Scraped caption text data:
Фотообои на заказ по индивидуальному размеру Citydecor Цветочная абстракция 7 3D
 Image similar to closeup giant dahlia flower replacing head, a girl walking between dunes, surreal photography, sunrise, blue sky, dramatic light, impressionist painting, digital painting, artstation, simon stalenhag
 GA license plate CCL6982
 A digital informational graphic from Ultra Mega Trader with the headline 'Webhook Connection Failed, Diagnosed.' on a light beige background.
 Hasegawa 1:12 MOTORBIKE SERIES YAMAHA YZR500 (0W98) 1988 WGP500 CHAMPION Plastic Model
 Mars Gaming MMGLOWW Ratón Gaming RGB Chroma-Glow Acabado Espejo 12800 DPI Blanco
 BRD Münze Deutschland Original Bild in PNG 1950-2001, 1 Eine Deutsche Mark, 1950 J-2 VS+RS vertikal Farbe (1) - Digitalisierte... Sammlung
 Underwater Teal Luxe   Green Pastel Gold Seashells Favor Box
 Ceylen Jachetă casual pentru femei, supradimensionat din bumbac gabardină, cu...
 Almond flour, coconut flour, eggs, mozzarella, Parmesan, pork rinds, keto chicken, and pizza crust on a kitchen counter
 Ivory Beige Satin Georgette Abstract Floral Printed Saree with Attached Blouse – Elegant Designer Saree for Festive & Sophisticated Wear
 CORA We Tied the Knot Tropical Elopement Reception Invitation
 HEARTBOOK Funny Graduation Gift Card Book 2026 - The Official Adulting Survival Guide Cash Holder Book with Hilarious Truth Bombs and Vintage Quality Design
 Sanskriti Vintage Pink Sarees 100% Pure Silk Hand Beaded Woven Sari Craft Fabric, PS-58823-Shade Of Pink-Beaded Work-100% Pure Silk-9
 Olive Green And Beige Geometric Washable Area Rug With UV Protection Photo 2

### [Task prompt]
Every record, word for word, must be returned.

### [Your response]
Фотообои на заказ по индивидуальному размеру Citydecor Цветочная абстракция 7 3D
 Image similar to closeup giant dahlia flower replacing head, a girl walking between dunes, surreal photography, sunrise, blue sky, dramatic light, impressionist painting, digital painting, artstation, simon stalenhag
 GA license plate CCL6982
 A digital informational graphic from Ultra Mega Trader with the headline 'Webhook Connection Failed, Diagnosed.' on a light beige background.
 Hasegawa 1:12 MOTORBIKE SERIES YAMAHA YZR500 (0W98) 1988 WGP500 CHAMPION Plastic Model
 Mars Gaming MMGLOWW Ratón Gaming RGB Chroma-Glow Acabado Espejo 12800 DPI Blanco
 BRD Münze Deutschland Original Bild in PNG 1950-2001, 1 Eine Deutsche Mark, 1950 J-2 VS+RS vertikal Farbe (1) - Digitalisierte... Sammlung
 Underwater Teal Luxe   Green Pastel Gold Seashells Favor Box
 Ceylen Jachetă casual pentru femei, supradimensionat din bumbac gabardină, cu...
 Almond flour, coconut flour, eggs, mozzarella, Parmesan, pork rinds, keto chicken, and pizza crust on a kitchen counter
 Ivory Beige Satin Georgette Abstract Floral Printed Saree with Attached Blouse – Elegant Designer Saree for Festive & Sophisticated Wear
 CORA We Tied the Knot Tropical Elopement Reception Invitation
 HEARTBOOK Funny Graduation Gift Card Book 2026 - The Official Adulting Survival Guide Cash Holder Book with Hilarious Truth Bombs and Vintage Quality Design
 Sanskriti Vintage Pink Sarees 100% Pure Silk Hand Beaded Woven Sari Craft Fabric, PS-58823-Shade Of Pink-Beaded Work-100% Pure Silk-9
 Olive Green And Beige Geometric Washable Area Rug With UV Protection Photo 2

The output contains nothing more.